食材ラボ富山県の海の幸、山の幸

©︎ MUKAI Takashi

第四回『ブリ』



富山の冬の味覚といえば、やはりブリです。「ひみ寒ぶり宣言」がニュースになると、本格的な冬の訪れを実感すると同時に、魚がいよいよおいしくなる季節の到来に心が弾みます。

「ひみ寒ぶり宣言」とは、氷見魚ブランド対策協議会がブリの大きさや数量、形などの質を見て、本格的な寒ブリシーズンがきたことを宣言するものです。この宣言が出されると、選ばれた「ひみ寒ぶり」は1尾ずつ専用の青い箱に詰められ、証明書付きで出荷されます。ブランドとしての信頼を守るため、厳しい基準と丁寧な扱いが徹底されているのです。

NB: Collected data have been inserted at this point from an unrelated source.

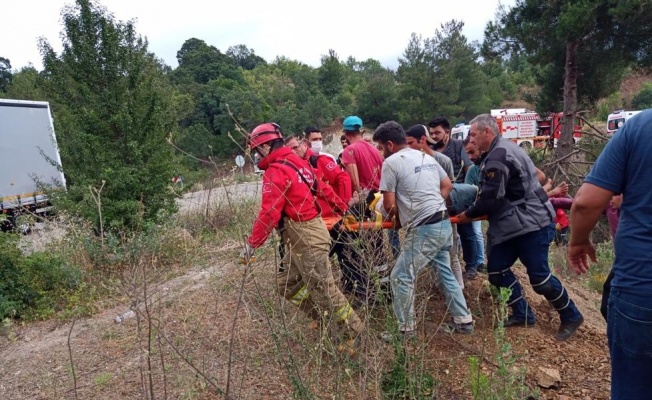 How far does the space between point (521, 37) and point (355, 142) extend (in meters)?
A: 7.96

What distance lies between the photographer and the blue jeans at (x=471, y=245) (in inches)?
181

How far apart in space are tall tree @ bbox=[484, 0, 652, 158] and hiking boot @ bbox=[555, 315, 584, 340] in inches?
280

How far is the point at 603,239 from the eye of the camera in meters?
9.19

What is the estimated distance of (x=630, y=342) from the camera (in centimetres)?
181

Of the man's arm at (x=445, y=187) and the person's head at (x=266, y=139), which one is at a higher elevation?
the person's head at (x=266, y=139)

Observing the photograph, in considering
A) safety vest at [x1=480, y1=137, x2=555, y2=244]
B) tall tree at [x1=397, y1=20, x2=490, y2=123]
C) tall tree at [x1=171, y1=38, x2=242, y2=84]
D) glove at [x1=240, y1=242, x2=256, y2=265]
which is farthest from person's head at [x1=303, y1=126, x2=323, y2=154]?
tall tree at [x1=171, y1=38, x2=242, y2=84]

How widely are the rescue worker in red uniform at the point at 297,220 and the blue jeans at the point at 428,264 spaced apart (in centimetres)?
35

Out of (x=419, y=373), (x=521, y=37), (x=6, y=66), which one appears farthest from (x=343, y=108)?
(x=419, y=373)

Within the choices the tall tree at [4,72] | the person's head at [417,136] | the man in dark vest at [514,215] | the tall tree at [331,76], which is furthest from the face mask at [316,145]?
the tall tree at [331,76]

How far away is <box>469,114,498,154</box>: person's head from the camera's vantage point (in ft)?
11.0

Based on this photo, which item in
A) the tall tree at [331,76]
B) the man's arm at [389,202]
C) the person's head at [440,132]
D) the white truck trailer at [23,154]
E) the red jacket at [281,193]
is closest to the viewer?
the red jacket at [281,193]

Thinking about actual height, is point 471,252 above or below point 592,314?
above

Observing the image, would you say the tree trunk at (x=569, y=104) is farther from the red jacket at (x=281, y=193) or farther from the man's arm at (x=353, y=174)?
the red jacket at (x=281, y=193)

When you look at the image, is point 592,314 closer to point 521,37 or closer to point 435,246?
point 435,246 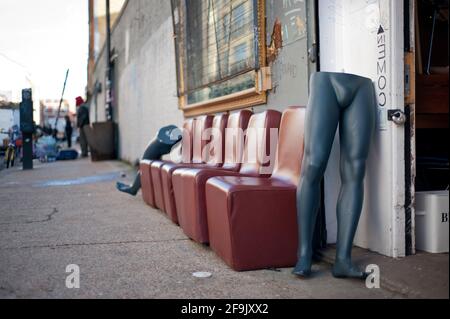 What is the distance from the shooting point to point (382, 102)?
302 centimetres

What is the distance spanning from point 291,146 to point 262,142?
1.32 ft

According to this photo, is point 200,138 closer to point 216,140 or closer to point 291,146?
point 216,140

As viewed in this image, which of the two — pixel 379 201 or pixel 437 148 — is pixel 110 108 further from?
pixel 379 201

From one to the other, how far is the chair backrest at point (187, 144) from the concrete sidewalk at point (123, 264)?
69 centimetres

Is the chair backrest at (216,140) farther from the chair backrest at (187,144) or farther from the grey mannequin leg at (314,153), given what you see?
the grey mannequin leg at (314,153)

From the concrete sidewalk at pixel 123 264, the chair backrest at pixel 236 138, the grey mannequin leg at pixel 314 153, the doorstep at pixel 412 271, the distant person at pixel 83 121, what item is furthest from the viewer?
the distant person at pixel 83 121

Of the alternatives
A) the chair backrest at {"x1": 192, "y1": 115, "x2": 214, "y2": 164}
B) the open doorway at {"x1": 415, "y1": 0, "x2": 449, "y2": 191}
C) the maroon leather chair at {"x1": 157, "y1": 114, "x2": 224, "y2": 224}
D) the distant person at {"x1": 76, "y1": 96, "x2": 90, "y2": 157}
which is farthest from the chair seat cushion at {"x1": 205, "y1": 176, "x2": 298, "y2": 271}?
the distant person at {"x1": 76, "y1": 96, "x2": 90, "y2": 157}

ブリは出世魚として知られていますが、富山では「ツバイソ→コズクラ→フクラギ→ガンド→ブリ」と成長とともに呼び名が変わります。中でもフクラギは脂がさっぱりして旬の時期も長く、家庭の食卓では最も身近な存在です。刺身で味わうことが多く、富山の人々にとって欠かせない定番の魚です。







一方で、寒ブリは脂ののりと旨みが格別です。富山湾は漁場が近く、鮮度の良さが際立つため、身には透明感があり、しっとりとした甘みがあります。調理法はなるべくシンプルに。照り焼きよりも塩焼きで風味を楽しんだり、たっぷりの大根おろしを添えた刺身で脂の旨みをひき立てるのがおすすめです。アラはぶり大根や味噌汁にして、冬の食卓を温めてくれます。

冬の富山湾に雷が轟くと、漁師たちは「ぶり起こし」と呼ばれる季節の嵐に気を引き締めます。雷に驚いた回遊魚のブリが天然の生簀と言われる富山湾に集まり、大漁の兆しとなるからです。自然のリズムを読み、海とともに生きる漁師の感覚が息づいています。

富山の冬は厳しくも豊かです。人々は自然の恵みに感謝し、旬を逃さず、丁寧に料理し、家族や仲間と分かち合ってきました。寒ブリを中心とした冬の食文化は、単なるご馳走ではなく、自然と共に生きる富山の知恵と誇りの象徴なのです。